2) DP Matrix-Matrix multiplies. IBM added DP support to their VMX set for Cell (though at 10% the execution rate), check.
[...]
...clearly Cell is meant as a supercomputer first and a PS3 second.
I think you've refuted your own argument there: double precision floating point performance is critical for true supercomputing. (In supercomputing circles DP and SP are often referred to as "full precision" and "half precision", respectively, which should give you a better idea of how they view things.)
In contrast, SP is plenty of accuracy for things like rendering and game physics, since (very loosely speaking) as long as you're within a fraction of a pixel of the right answer you don't need any more accuracy.
I'd say the Cell architecture is very well suited for supercomputing as well as gaming, but the announced Cell implementation appears to me to be clearly targeted at the PS3. They'll have to come out with a "Cell HPC Edition" that has much better DP performance before they take over supercomputing. Not that I don't expect that they're working on that as we speak...
Scalar performance -- Unimpressed! by tarpitcod · 2005-03-25 03:28 · Score: 3, Interesting

What's the scalar performance of one of these beasties?

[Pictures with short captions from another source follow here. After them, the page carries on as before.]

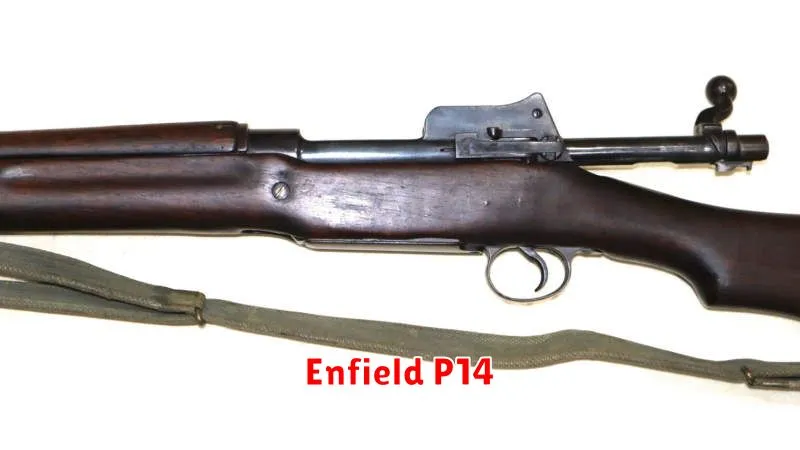 Enfield P14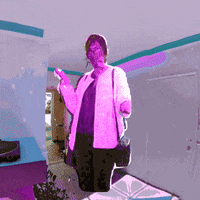 haunting miami beach GIF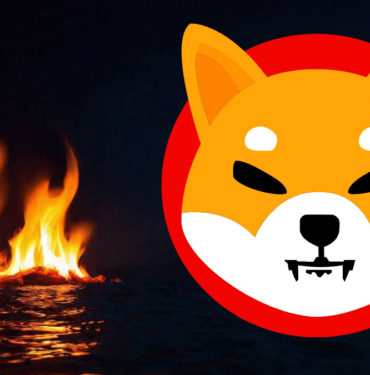 shiba inu yakım oranı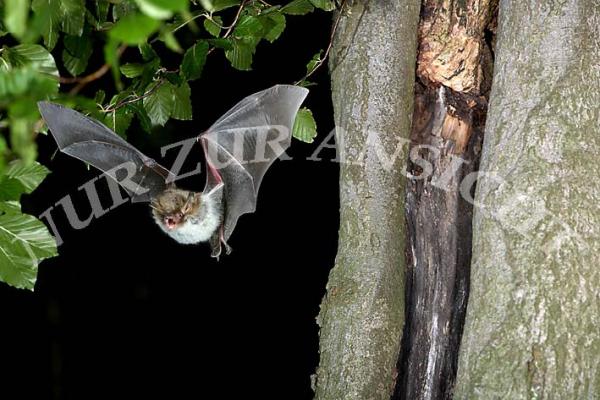 Postkarte Fransenfledermaus vor einer Baumhöhle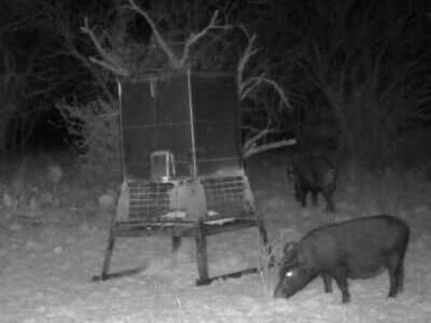 Property in McCulloch County, Texas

Can an Athlon 64 / P4 beat it on scalar code? The whole HPC world has gotten boring since Cray died. Here's why I say that:

The Cray 1 had the best SCALAR and VECTOR performance in the world.

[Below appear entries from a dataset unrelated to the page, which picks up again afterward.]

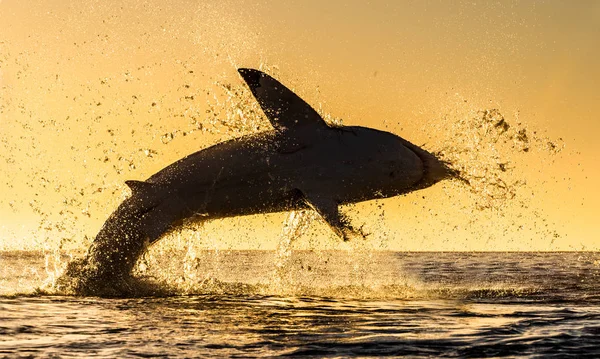 Silhouette Jumping Great White Shark Red Sky Sunrise Great White — Stock Photo, Image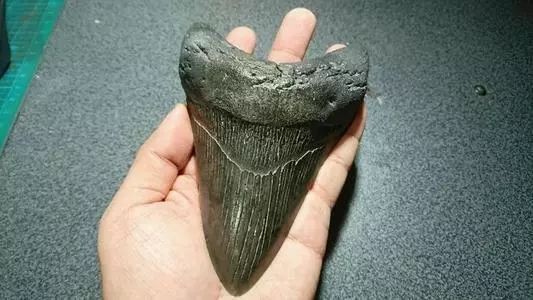 十大最貴鯊魚牙排名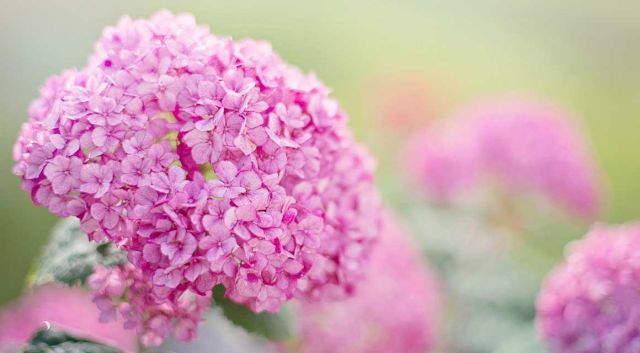 Nu snoeien: hortensia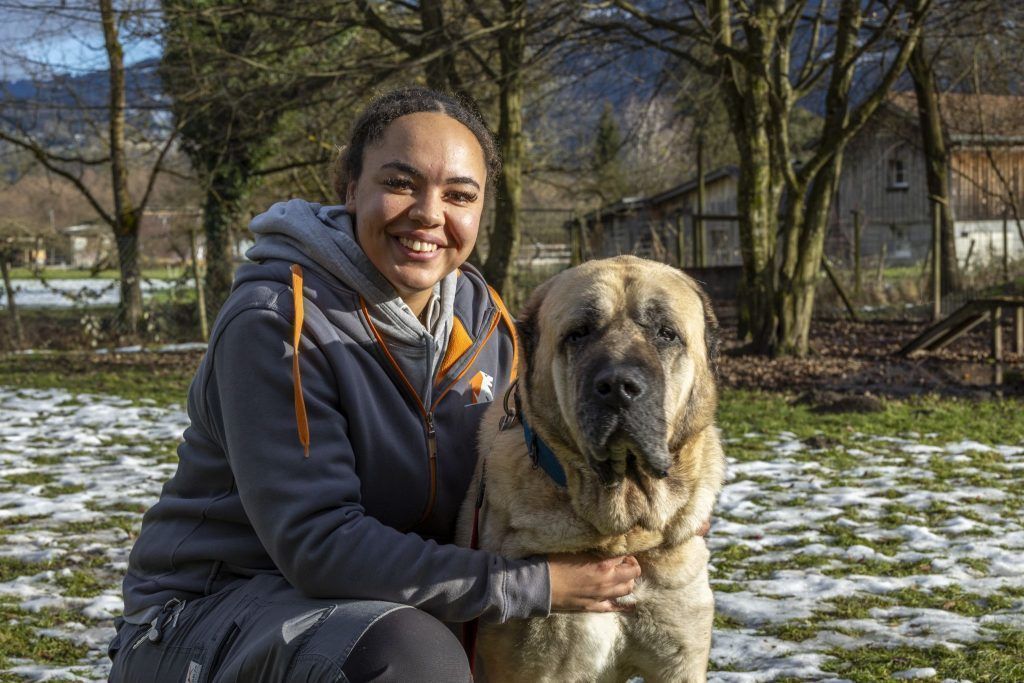 Warum verschenkte Tiere nach den Feiertagen oft im Heim enden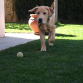 Jugando con la pelota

The Cray 2 was an ass kicker, the Cray 3 was a real ass kicker (if only they could build them reliably).

Cray pushed the boundaries, he pushed them too far at some points -- designing and trying to build machines that they couldn't make reliable.

So it'll be a cold day in hell before I get all fired up over the fact that someone else managed to glue together a bazillion 'killer micros' and win at Linpack...
Now if someone would bring back the idea of transputers, or we saw some *real* efforts at Dataflow and FP then I'd be excited. I'd love a PC with 8 small, simple, fast, in-order tightly bound cpus. Don't say CELL, all indications are that they will be a *real* PITA to program to get any decent performance out of.
Re:Cell vs HPC by tarpitcod · 2005-03-25 03:53 · Score: 2, Interesting

I don't think they thought that at all (Let's build a supercomputer). I think the natural problem they were trying to solve.

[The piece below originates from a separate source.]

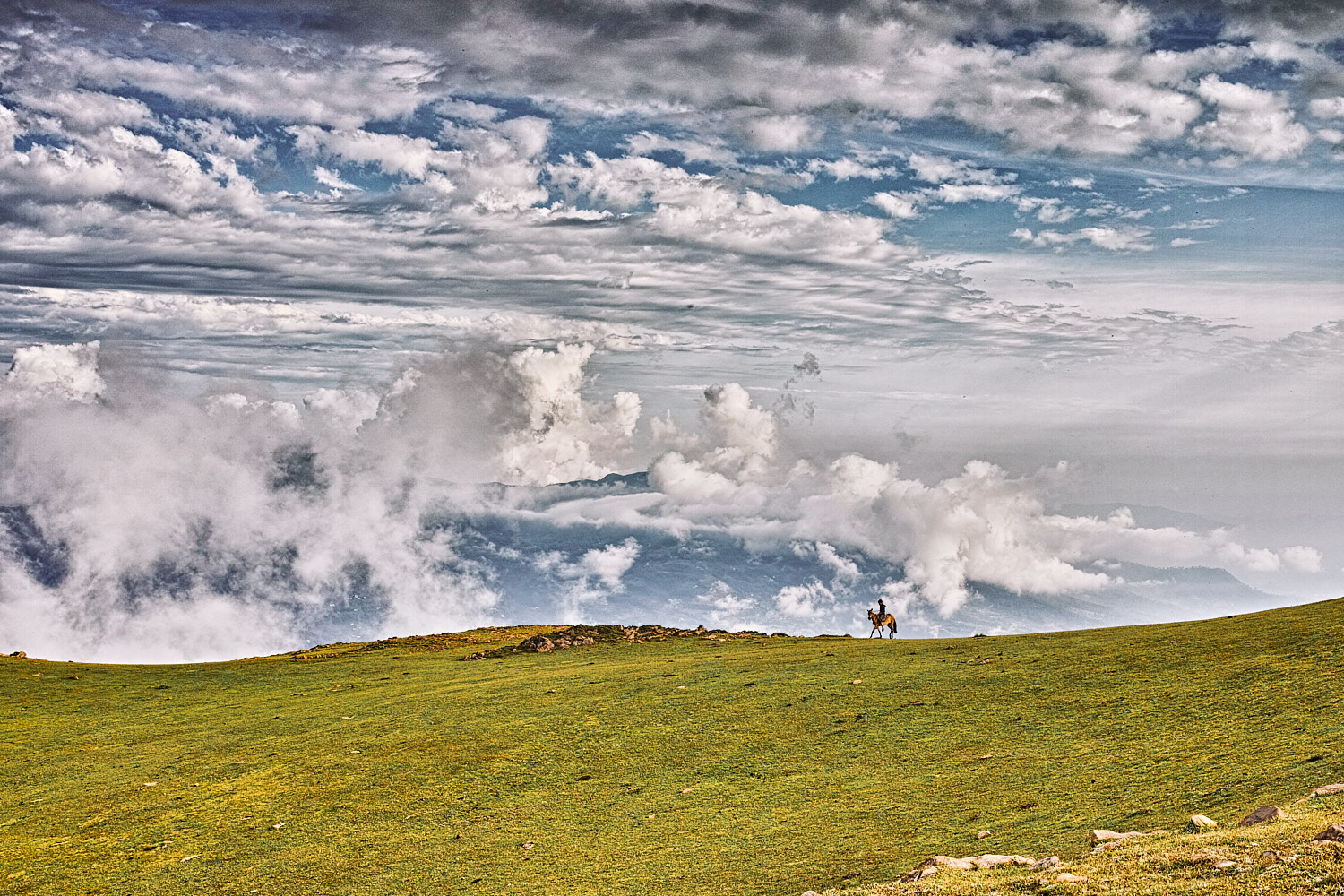 A lone horseman at Chorgala meadow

This is because when you have the following conditions:

-- Lots of memory bandwidth needed
-- Fast floating point
-- Parallelizable code
-- Hand tuned kernels OK

You end up with something that looks lots like a supercomputer. You just turned your compute bound problem into an IO bound problem. We may want to revise that saying -- and say 'You turned your compute bound problem into a coding problem'. Supercomputer performance seems more bound by the feasibility of extracting decent performance from the iron than it used to be -- Judging by the stuff I have read by the old-hands.